I don’t know if it’s right, that he’s asking me the question in the first place. But it never matters if it’s right, not in this town.

“I don’t—I can’t remember anything about that night, I told you…”

“Then what were you doing out there in the first place? How could you just happen to find Penny’s Vespa like that, if you didn’t know it was there the whole time?”

“I don’t know.”

“I don’t believe you.”

They came when I called them. I sat on the road, waiting until I saw the police and then I had to show them the Vespa, had to tell them if I touched it and where. Some of the questions, I didn’t have answers for, couldn’t think around the shock. Sheriff Turner shouldn’t even be here, but when he heard it was about her, and that I was involved, he came. He’s post-funeral; jumped out of one suit and into another. His whole face is pinched and ugly. Makes me afraid. I hate this man and I’m afraid of him.
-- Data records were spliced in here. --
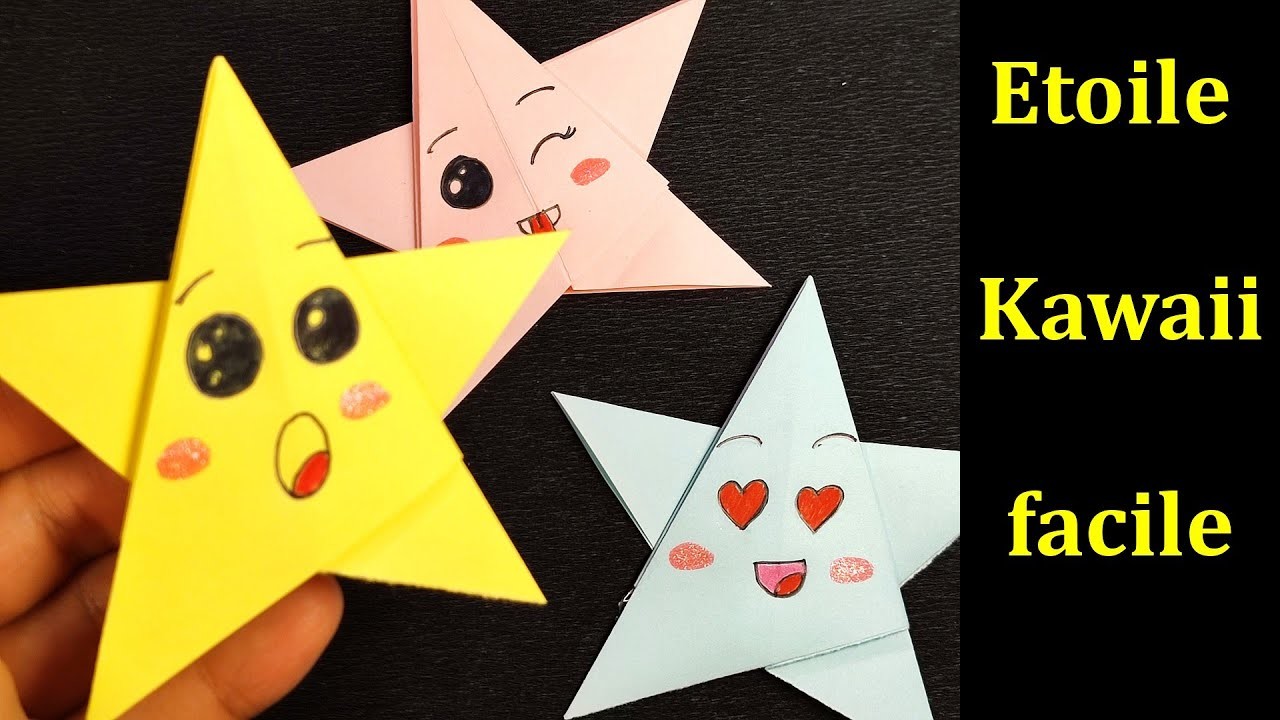 Comment faire une étoile kawaii en origami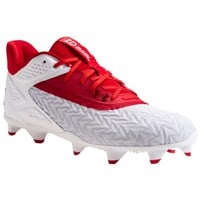 Under Armour Men's Yard MT 3.0 TPU Molded Baseball Cleats, White/Red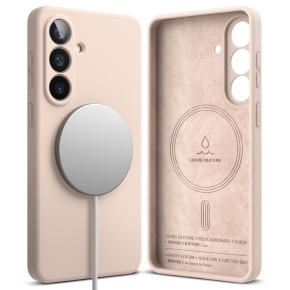 RINGKE SILICONE MAGNETIC MAGSAFE GALAXY S26+ PLUS PINK SAND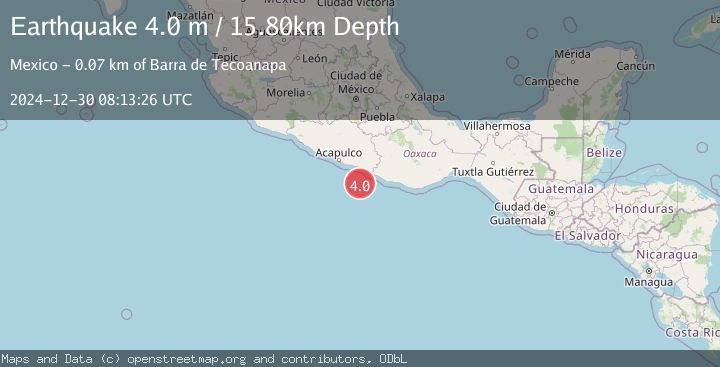 Map of OFFSHORE GUERRERO, MEXICO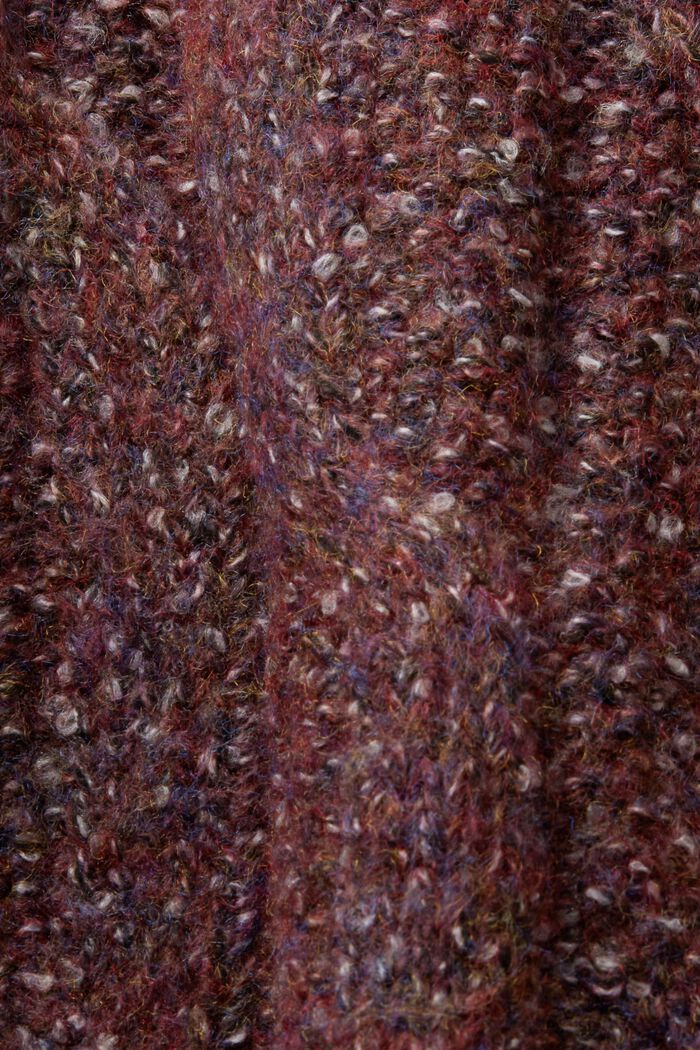 Pullover a lupetto in maglia intrecciata, TERRACOTTA, detail image number 5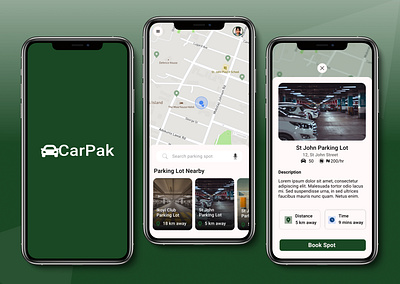 Car Park Booking App design figma ui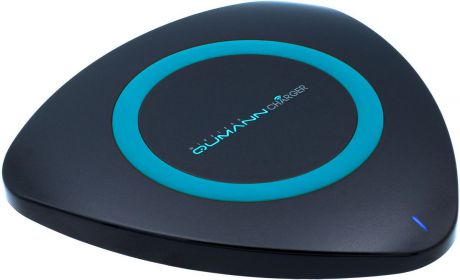 Беспроводное зарядное устройство Qumann QWC-01 Wireless Delta Qi Charger, Black Blue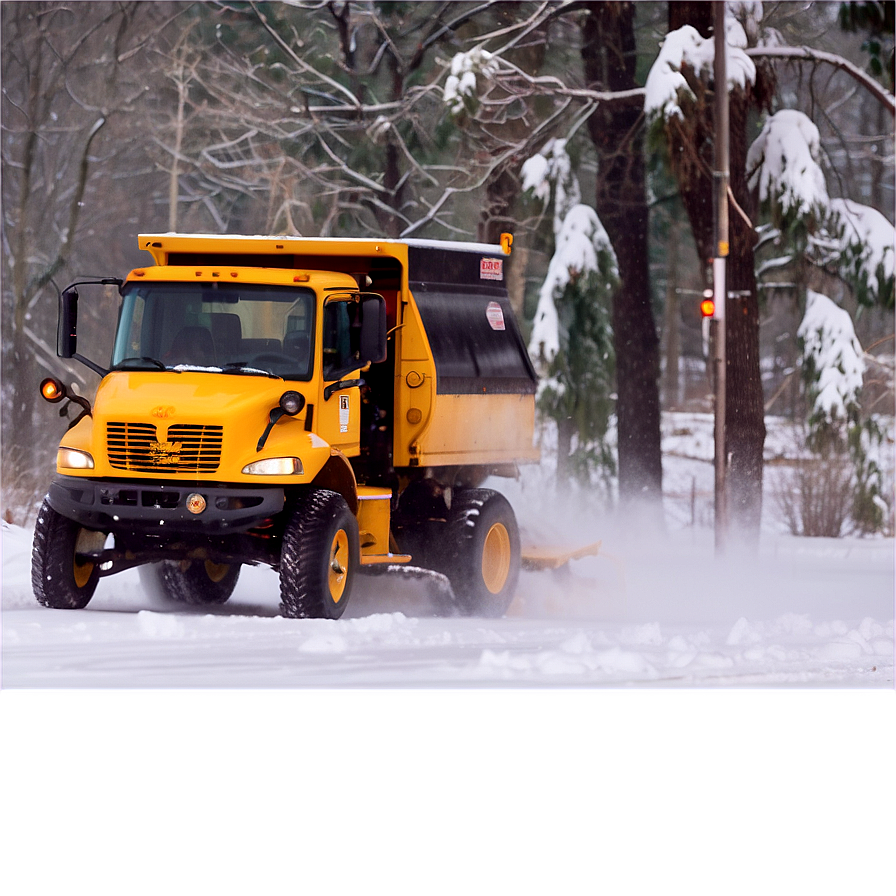 Snow Plow In Action Png Htd PNG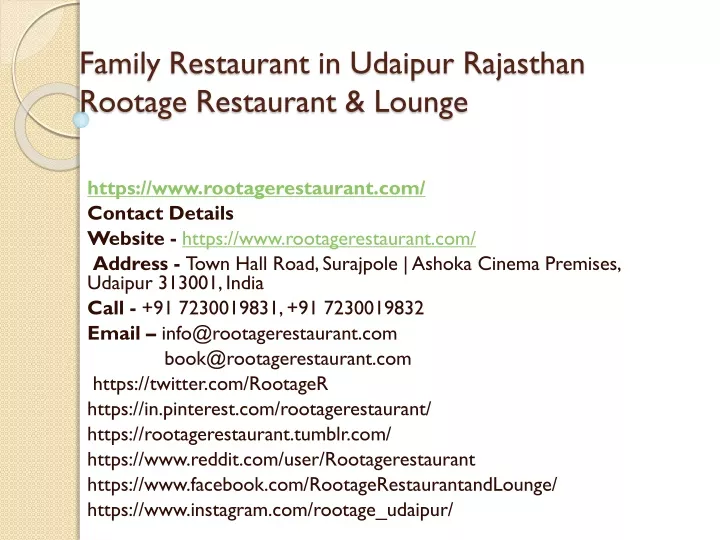 family restaurant in udaipur rajasthan rootage restaurant lounge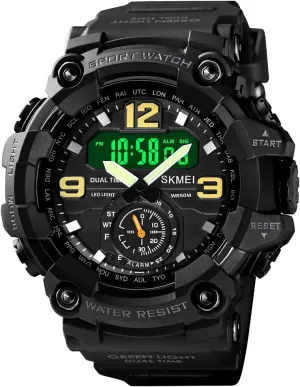 Multifunctional Waterproof Shockproof Sports Watch for Men IJAHWRS Men's iodine heritage harbor intelligence bosom Camouflage Watch, Large Face 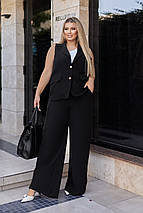 Жіночий брючний костюм з жилетом "Rakel" | Норма, фото 5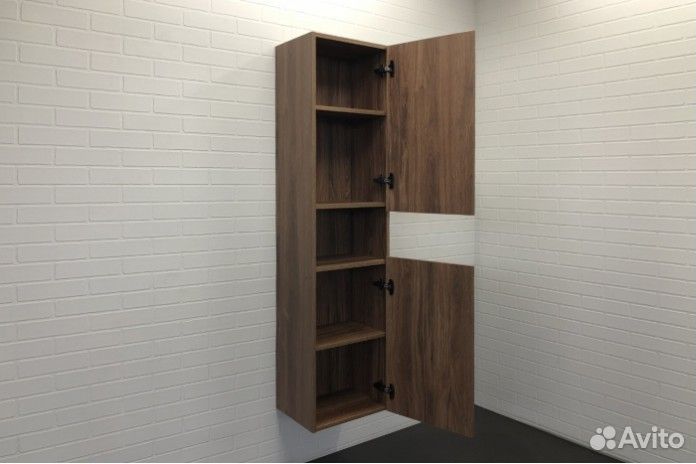 Шкаф-пенал Comforty Бордо 40 дуб темно-коричневый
“She was like a daughter to me.”

“I know,” I say.

“You best pray this don’t come back around to you, Romy.”

Mom and Todd pick me up at the sheriff’s department and by the time they get there, I’ve thrown up and they only find out because Joe Conway tells them. Mom puts her hands to my face and says, soft and surprised, “You have a fever.”

On the ride home, I struggle to keep my eyes open.

“Go upstairs, Romy,” Mom tells me when we get there.

I do what she says.

I go to my room and I peel out of my clothes.

By the time I’ve found my way into bed, I hear my mother in the bathroom, the water running. I drift. She comes in a few minutes later. The mattress dips and she starts me awake, a little, when she presses a cold washcloth against my forehead.

“What are you thinking?” she asks quietly, like she always does. “What on earth were you thinking?”

“It was a funeral,” I say because nothing feels like the wrong thing to say anymore. It’s not long before I hear her crying and it breaks my heart. I break her heart. I grip her hand and tell her it’s okay and don’t cry and you don’t have to cry but I can’t make myself convincing enough.





time passes or it doesn’t, but it must—because it has to.

When the fever breaks, I don’t know what girl is left.

I don’t know what I’ve done to myself.